Dietary fibre can be soluble or insoluble. Generally, soluble or fermentable fibre transforms into thick viscous syrup, which helps to delay the stomach emptying into the small intestine and thus stimulates a sense of fullness and satiety. This sense of fullness explains why some Nigerian meals are called “So’ku da’le” in Yoruba language, which loosely translates to “hold back hunger till sunset”. With those kind of meals, who needs snacks? The gel like viscous property of soluble fibre also reduces the absorption of sugar and controls the reabsorption of cholesterol from bile salts secreted into the small intestine by the liver. In the large intestine, the insoluble or non-fermentable fibre provides bulk and absorbs water to increase fecal weight and promote regularity. However, the gut bacteria degrade soluble fibre via fermentation to increase its population and diversity. The bioactive products of fermentation, such as short chain fatty acids are the main source of energy for the cell lining of the large intestine, which, in turn, produce a dense mucus wall that separates the gut bacteria from the lining of the large intestine. The gut bacteria thrive on the outer part of this wall, which contains food materials, and the inner layer of the mucus wall is protectively bacteria free.

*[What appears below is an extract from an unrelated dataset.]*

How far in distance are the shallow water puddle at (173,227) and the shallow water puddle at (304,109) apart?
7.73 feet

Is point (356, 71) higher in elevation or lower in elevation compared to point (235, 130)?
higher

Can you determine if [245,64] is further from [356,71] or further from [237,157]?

…the consumption of processed foods has been linked to the breaching of this mucus wall because in the absence of dietary fibre, the gut bacteria have metabolic flexibility to feed on the mucus wall that separates them from the intestinal lining.
However, the consumption of processed foods has been linked to the breaching of this mucus wall because in the absence of dietary fibre, the gut bacteria have metabolic flexibility to feed on the mucus wall that separates them from the intestinal lining. A compromised mucus wall may lead to infection and systemic inflammation and has been linked to irritable bowel syndrome, Crohn’s disease, type 2 diabetes and colon cancer. As one author noted, “the gut bacteria will feed on you if you don’t feed them”. To reinforce the message again, 2021 is the International Year of Fruits and Vegetables. You should care.